The pit-stop sequence was triggered by the Red Bull ​of Verstappen pitting first. However, they committed to the two-stop too early and with no more soft tyres available, he was forced onto the Medium tyres. Undercuts were performed with most not coming off, with Vettel's comments of "​Are you sure, Pace is looking good?​" meaning he was kept out whilst Raikkonen jumped him in the stops. On Lap 28, that was changed with a team order.

Perez and Hamilton were close on track and provided some good overtaking moves between them before the Brit's ERS problems dropped him around 12s behind. With Raikkonen's penalty, all Pere had to do was keep the car ahead, within 5s, but he deicded he would take a podium on merit, and on the penaultimate lap, he did just that.

​Mid-field

​Hulkenberg ran out of tyres a few laps from the end, meaning that both Red Bull's were able to demote him from seventh to ninth in the closing stages. ​McLaren ​had a difficult afternoon once again, with Jenson Button ​finishing just outside the points in P11 and Fernando Alonso ​a late retiree with a downshift issue with his gearbox. ​​Romain Grosjean​ was flying on the soft tyre for ​Haas, ​but he couldn't make use of this pace, with him being well down the field.

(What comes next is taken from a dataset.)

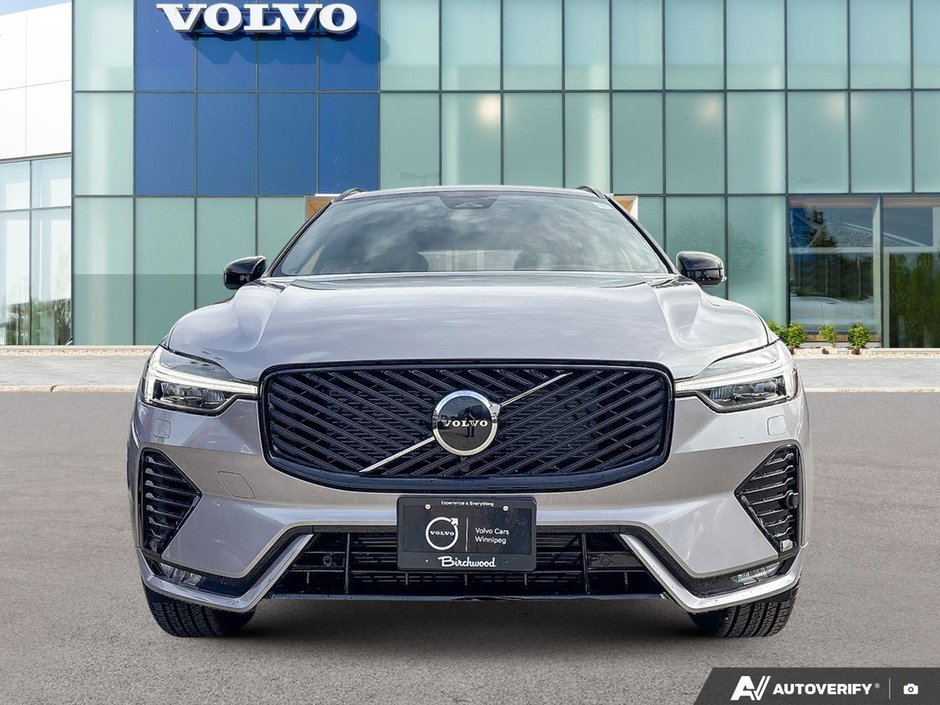 2026 Volvo XC60 Core Dark Theme-5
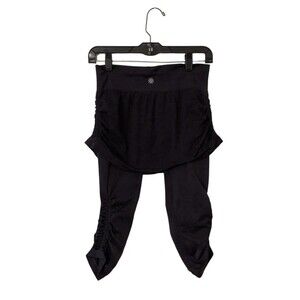 Athleta Skirted Leggings Conservative Full Coverage Capri Length Size M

It was a quiet race for Renault and Sauber ​with yet another pointless and limited TV coverage afternoon, although the latter's ​Felipe Nasr ​was a credible P12 at the flag.

Manor would be dissapointed with their result, as ​Rio Haryanto's ​strong qualifying performance was rendered irrelevant at the first turn with contact, and Pascal Wehrlein​ suffering from mid-race brake failure.

Retirements

​In addition to Alonso and Wehrlein, it was a double DNF for Toro Rosso ​with suspension failure being repsonsible for both cars being retired.

Conclusions

​Sergio Perez is a man in demand. After his Monaco podium, and other strong 2016 performances, he is in prime position to replace Kimi Raikkonen, if Ferrari decide to replace the Finn.

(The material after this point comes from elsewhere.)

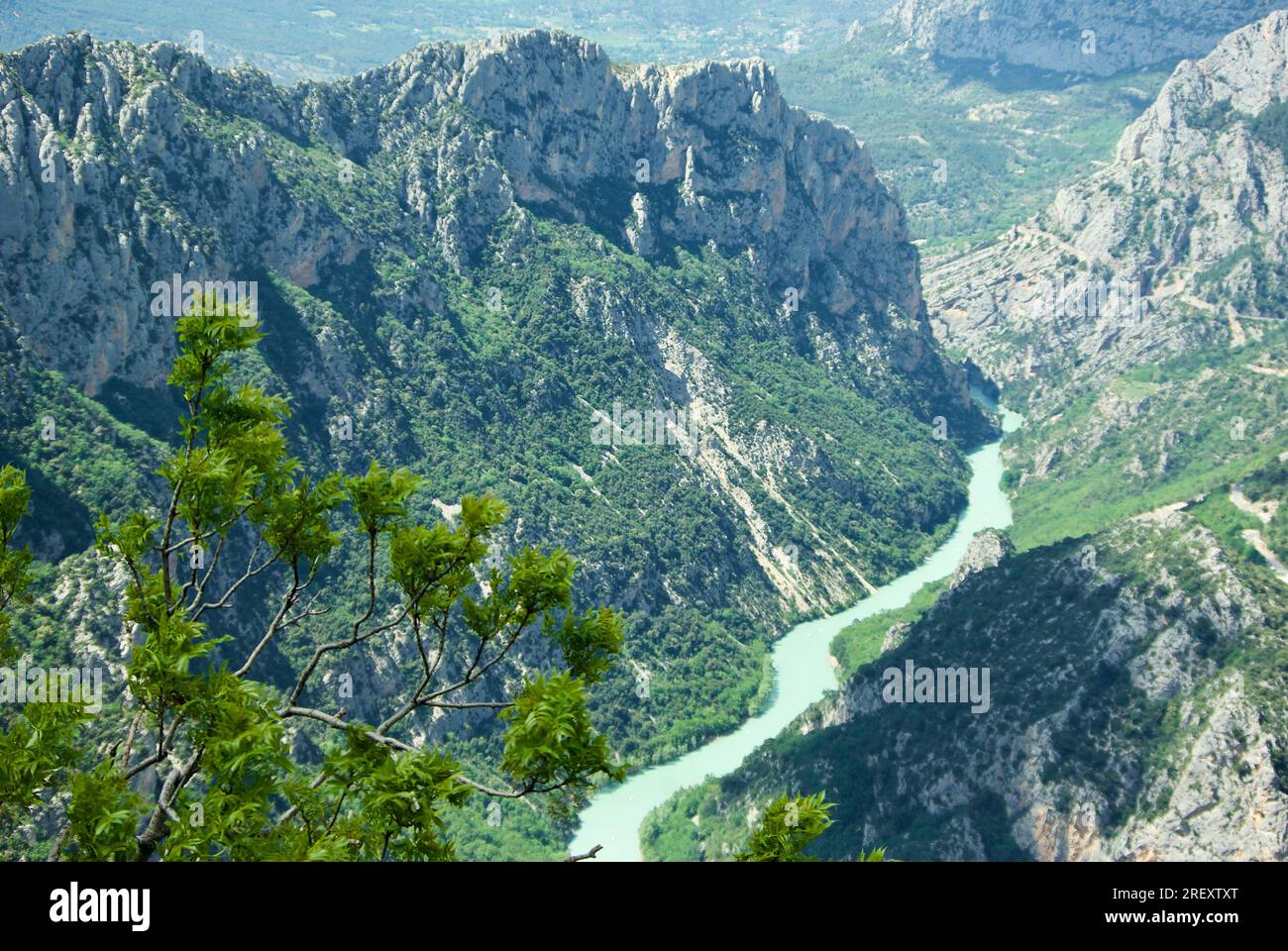 Vue sur un paysage montagneux avec de hauts piquets et des pentes pierreuses jusqu'à la vallée de la rivière Verdon en France. Banque D'Images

Lewis Hamilton will be dissapointed with his result, haivng dominated practice, but his qualifying crash led to a weekend that went downhill from when he stepped in on Saturday afternoon.

But the last word must go to Nico Rosberg. After a difficult two races that saw his championship lead cut from 43 to nine points, he was a man under pressure. But, cometh pressure, cometh the man. It was a faultless weekend from the German and as F1 heads to Austria next, a track where he has won both years the sport has been there since its return in 2014, ahead of Hamilton - he will be feeling increaisngly confident that 2016 is his year.